== REQUIREMENT ==
Please output only the lines running from the one that contains "used 2022 Chevrolet" through the last line of the data below, exactly as they stand, with no pictures.

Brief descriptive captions
------------------------------------------------
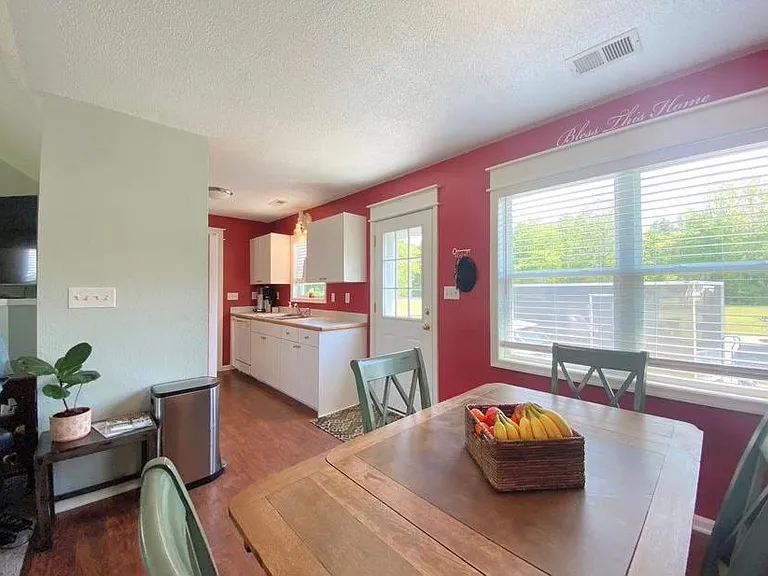 3217 Caratoke Hwy — Photo 9
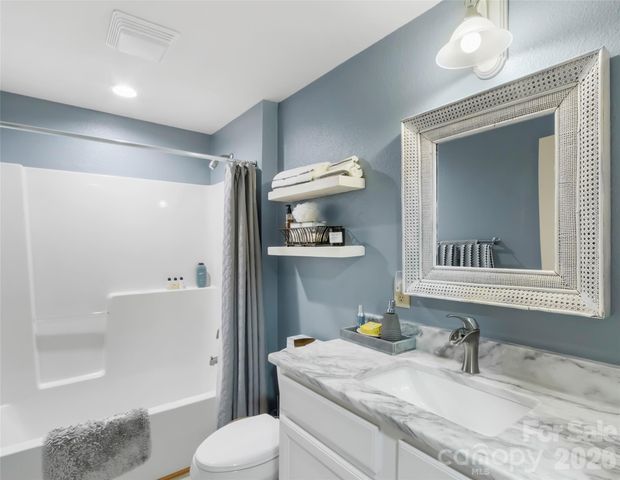 61 Creekside Way G-101, Burnsville, NC 28714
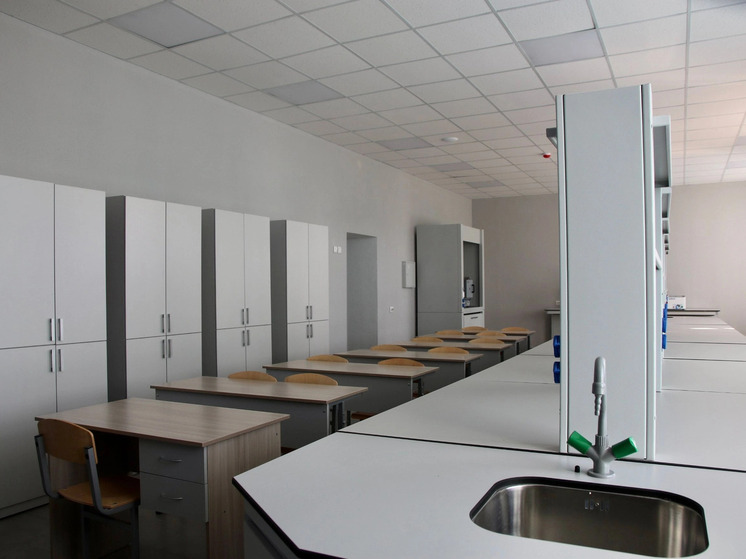 В Смоленской области начал работу новый образовательно-производственный кластер химической отрасли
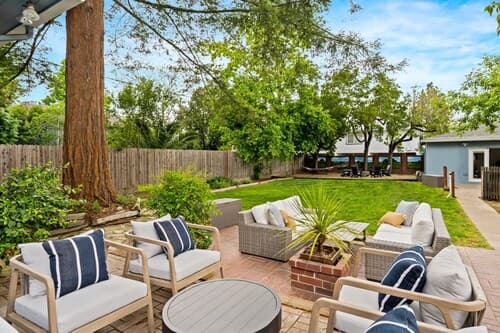 Grape Escape Inn & Suites, Bed & Breakfast in Lodi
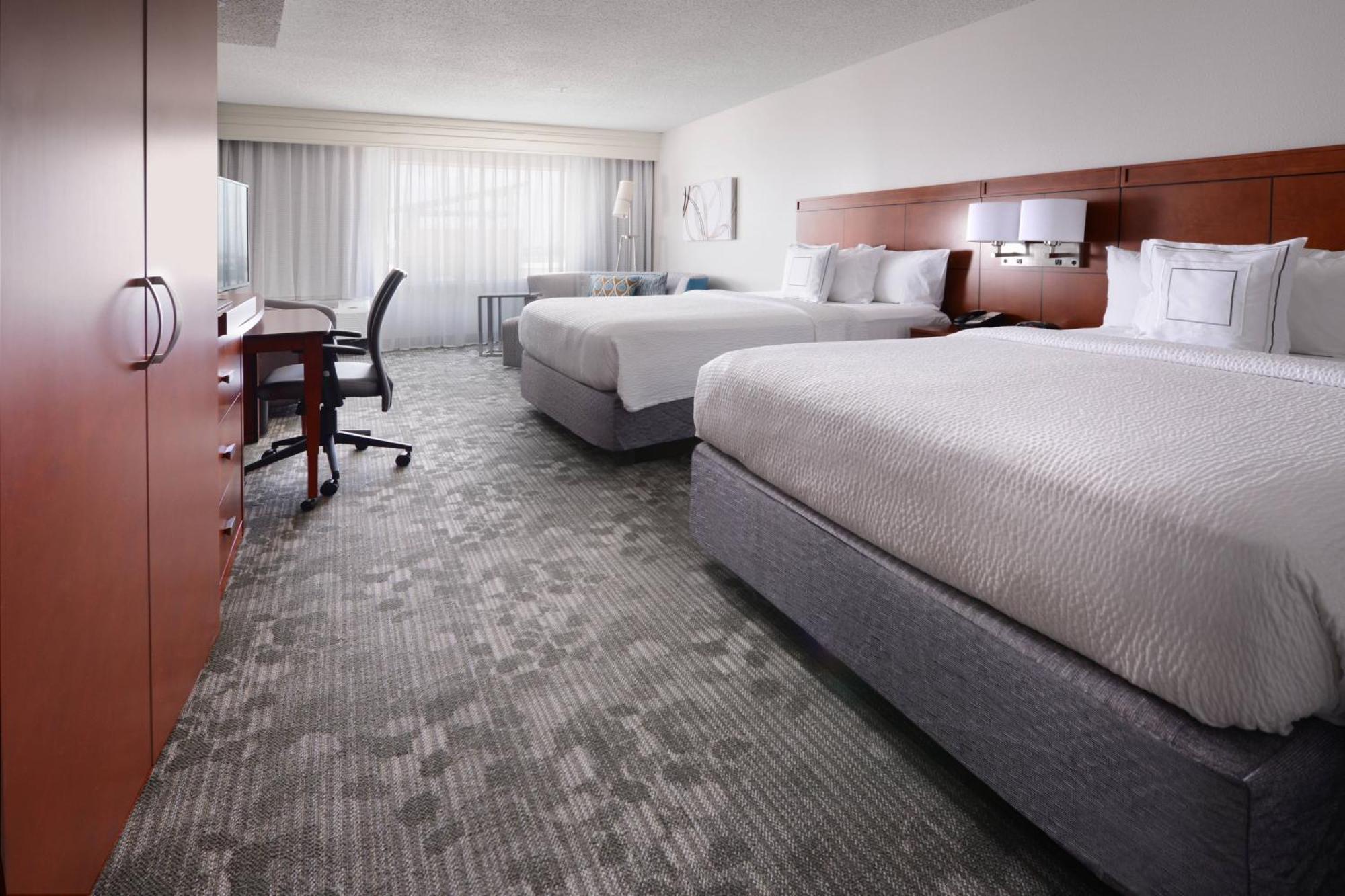 Courtyard Marriott Houston Pearland Hotel Exterior photo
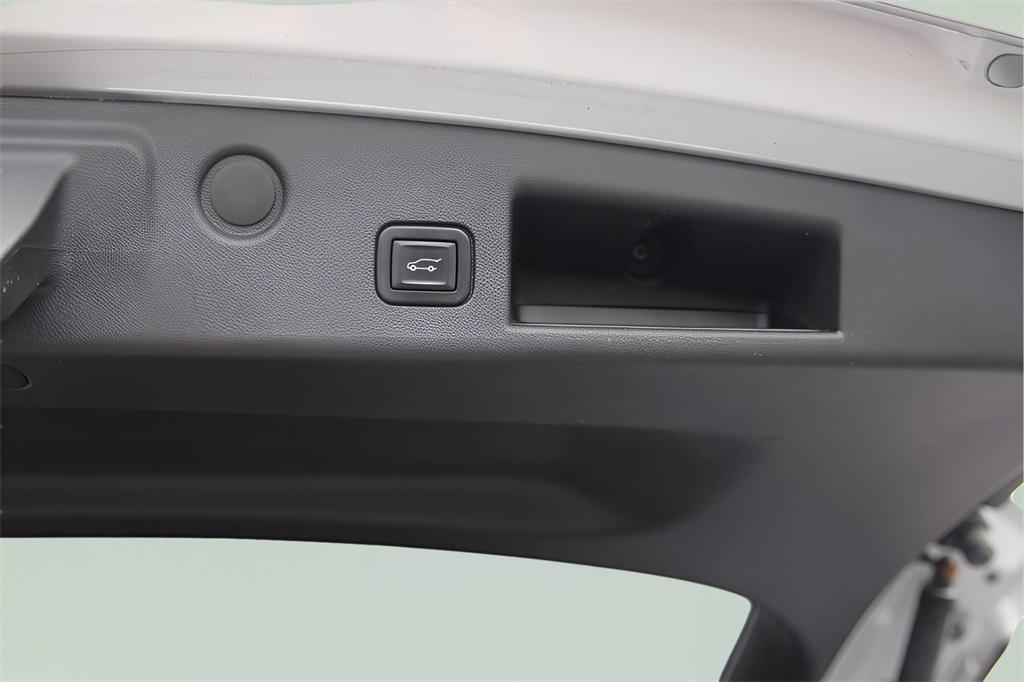 used 2022 Chevrolet Equinox car, priced at $23,234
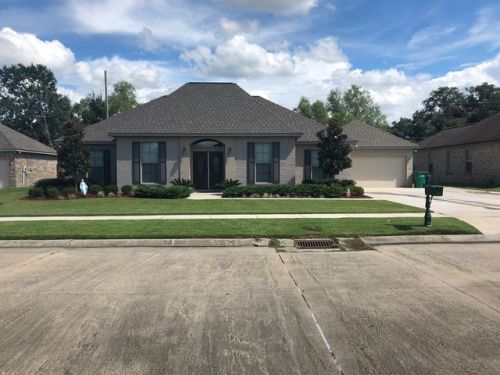 311 Lac Cypriere Dr, Luling LA  70070-4296 exterior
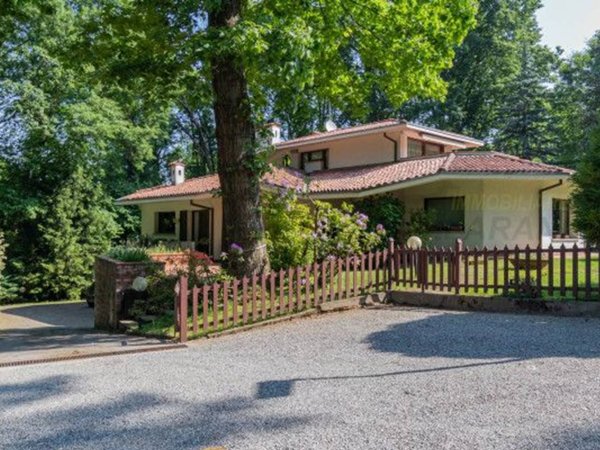 casa indipendente in vendita a Lesmo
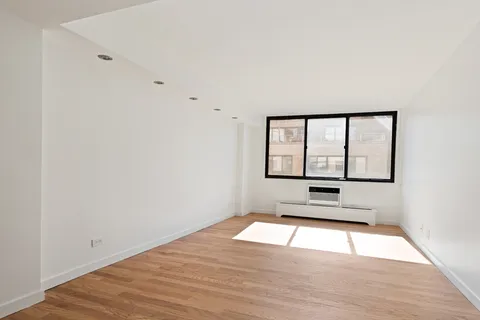 $1,699,000 | 16 West 16th Street, Unit 14NN | Flatiron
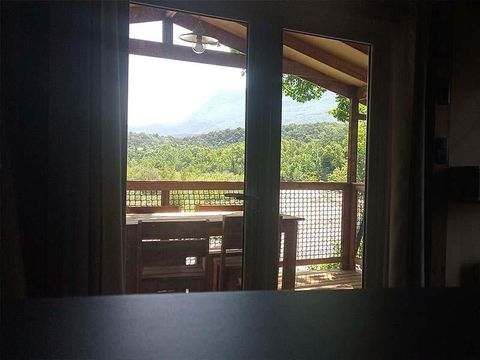 Tente en toile et en bois 5 personnes - Lodge Luxe nature surplombant la rivière avec vue panoramique - Climatisé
------------------------------------------------
== RESPONSE AREA ==
 used 2022 Chevrolet Equinox car, priced at $23,234
 311 Lac Cypriere Dr, Luling LA  70070-4296 exterior
 casa indipendente in vendita a Lesmo
 $1,699,000 | 16 West 16th Street, Unit 14NN | Flatiron
 Tente en toile et en bois 5 personnes - Lodge Luxe nature surplombant la rivière avec vue panoramique - Climatisé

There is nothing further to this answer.